Thousands of people have been able to figure them out just by reading the instructions, there were around before the internet. Relax, read the directions, use common sense and relax some more. It's only a filter.


----------



## ACrowe25 (Sep 23, 2011)

Excuse me for wanting optimal conditions for my P's. Also, sorry for asking a question which this sub-forum is designed for.

Many experienced p keepers may know alternatives which help more. That is what I was asking for.


----------



## davery08 (Mar 4, 2011)

Hey man don't worry ask as many questions as possible. That's what this is for. I would recommend not putting in the carbon filters but it is kind of just up to you. If you want for just bio I'd stuff it full of biomax or the 2217 equivolant of biomax


----------



## Lardogg (Sep 26, 2011)

I just ordered the 2217 from the petstore.com for $117 shipped.


----------



## Bawb2u (May 27, 2004)

ACrowe25 said:


> Excuse me for wanting optimal conditions for my P's. Also, sorry for asking a question which this sub-forum is designed for.
> 
> Many experienced p keepers may know alternatives which help more. That is what I was asking for.


Get you panties out of a wad. I was trying to tell you it's not difficult.Why do you doubt yourself so much?
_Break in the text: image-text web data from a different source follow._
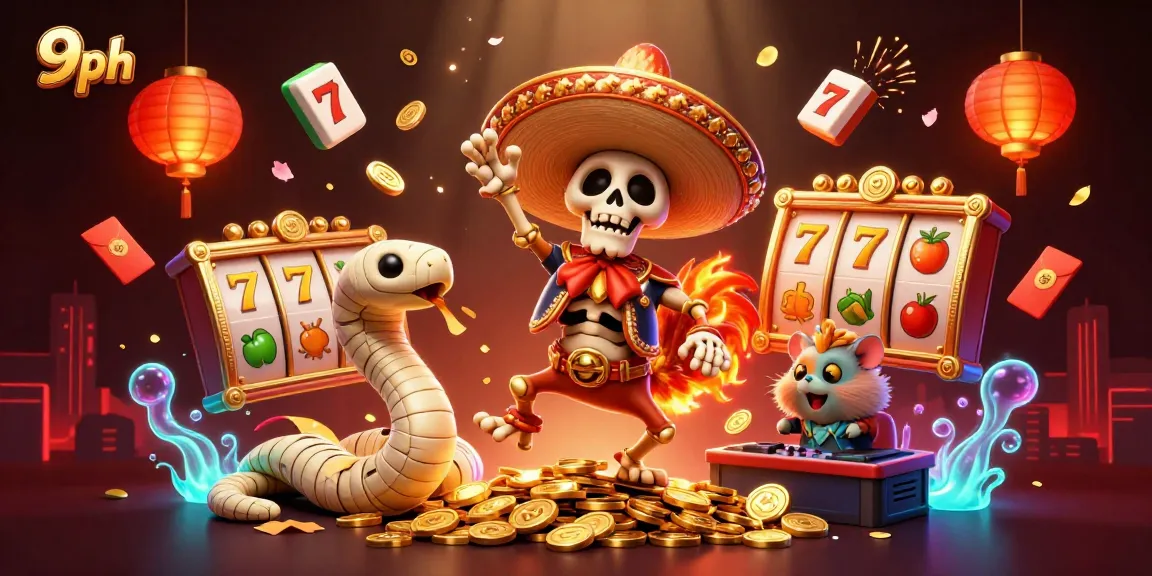 Experience thrilling wins at 9ph with a vibrant casino scene featuring exciting characters and slot games.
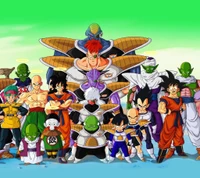 Personagens de Dragon Ball Z unidos em uma pose épica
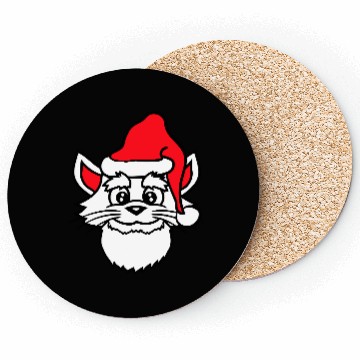 Discover Cute Santa Claus Cat Winter Hat Fun Christmas Gift Coasters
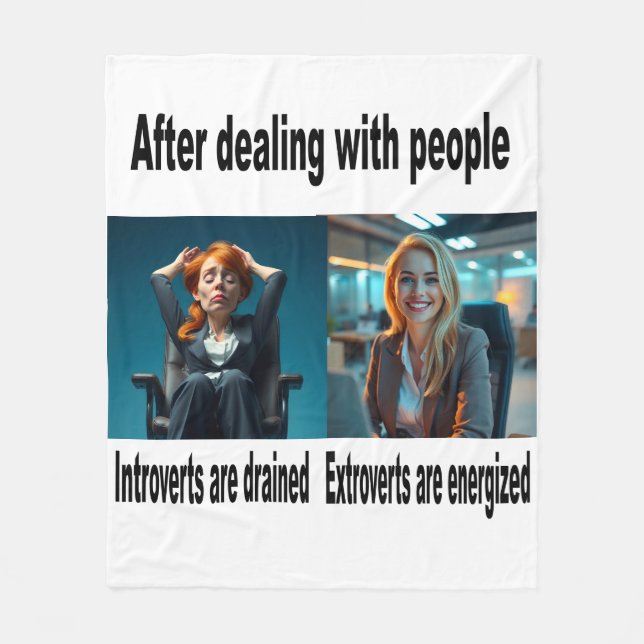 Wrap yourself in this Introvert/Extrovert blanket (Front)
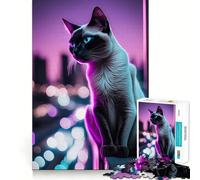 Sleek Siamese Cat 1000 Piece Jigsaw Puzzles for Adults Jigsaw Think Toy Calm Relax Clean Cut Wall Art Decor 38x26cm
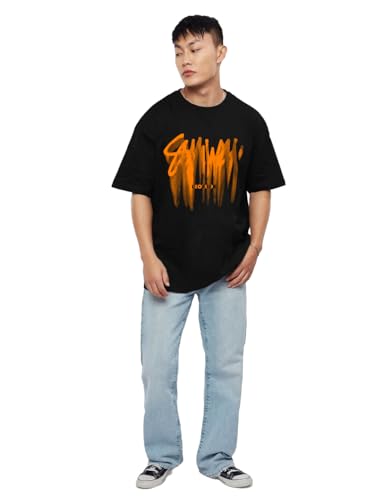 Image of LEOTUDE Men Half Sleeve Round Neck Graphic Font Printed Cottonblend Oversized Tshirts (Colour: Orange)
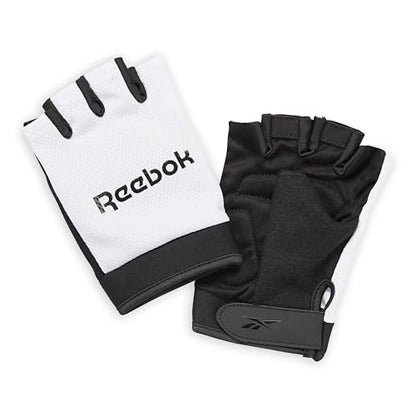 Reebok Classic Fingerless Gloves Lightweight Fitness & Weight Lifting Gloves for Training - color: WHITE/BLACK, size: Small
It's not a hard thing, it doesn't need to be sweated over. If you add carbon, that's fine, if you decide not to have carbon that'll work too. Optimal conditions are a goal everybody should have but it isn't like you have to be in a little tiny zone. The only thing I suggested was to put the media in mesh bags to make it easier to take out and clean. 
If you get two different opinions, how will you know which one to take? I'm a long, long, long time fish keeper and let me tell you from experience, it's not that hard. As a self called noob, you are thinking it's harder than it is.

I don't know how much of a new fish keeper you are or your level of experience and knowledge. If you don't understand the fundamentals, read some basic books on the nitrogen cycle and basic water chemistry as it relates to pH buffering (carbonate hardness) and you'll find that most of your questions about this filter will answer themselves.


----------